Agentic Harness Engineering
Building systems that transform the LLM into the new operating system
At the AI start-up I’ve been working at, building a financial personal assistant, we implemented LlamaIndex, added the Model Context Protocol (MCP), and built complex Retrieval-Augmented Generation (RAG) pipelines. Each piece added complexity without adding direct business value.
When we stripped everything back to plain Python, simple API calls, and a custom ReAct engine, things finally worked. What we accidentally built was a harness featuring specialized financial tools, domain-specific guardrails, and purpose-built context engineering.
We did not know the term yet, but the lesson was clear. The model was never the problem. The system and infrastructure around it were.
Most engineering teams obsess over which model to use. They debate GPT-4o versus Claude Opus versus Gemini. They chase LLM benchmark scores and swap models, hoping for better results.
But the model is only half the equation. The system and infrastructure around it determine whether your agent actually works in production.
TerminalBench 2.0 proved this. Changing only the harness moved the DeepAgent from LangChain from outside the top 30 to the top 5 [1].
This is what usually happens. You have a powerful model. You gave it tools and a prompt. It works in demos.
But shipping it to production means solving problems the model cannot solve alone. You must bridge context windows, recover from failures, serve multiple interfaces, and manage state across sessions.
The solution is harness engineering.
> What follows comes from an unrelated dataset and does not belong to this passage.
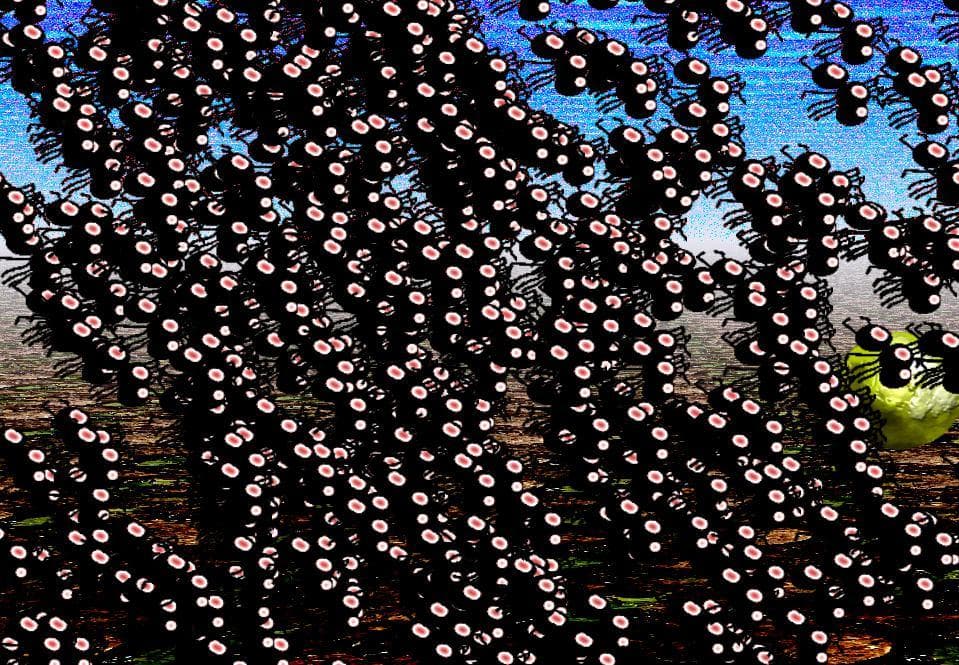 Planet of Ants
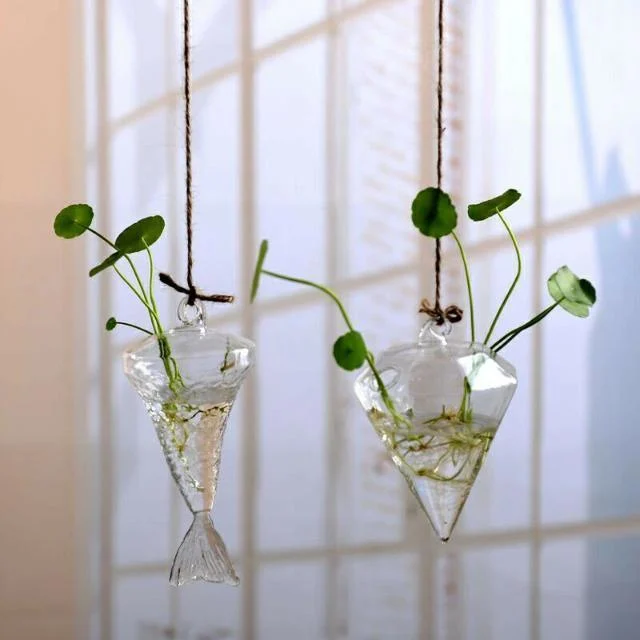 Jing - Hydroponic Hanging Flower Pot - Homeko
This is the discipline of building the infrastructure around the model so it can do useful work reliably. As Mitchell Hashimoto noted, harness engineering is the practice of engineering a solution every time an agent makes a mistake, ensuring it never makes that specific mistake again [2].
By the end of this article, you will learn:
What an agent harness actually is.
The core components powering production AI systems.
How the planning loop dictates agent actions.
The design principles behind an effective toolset.
How to manage memory using the filesystem.
Before we look at all its components and how they fit together, we must first define what a harness actually is.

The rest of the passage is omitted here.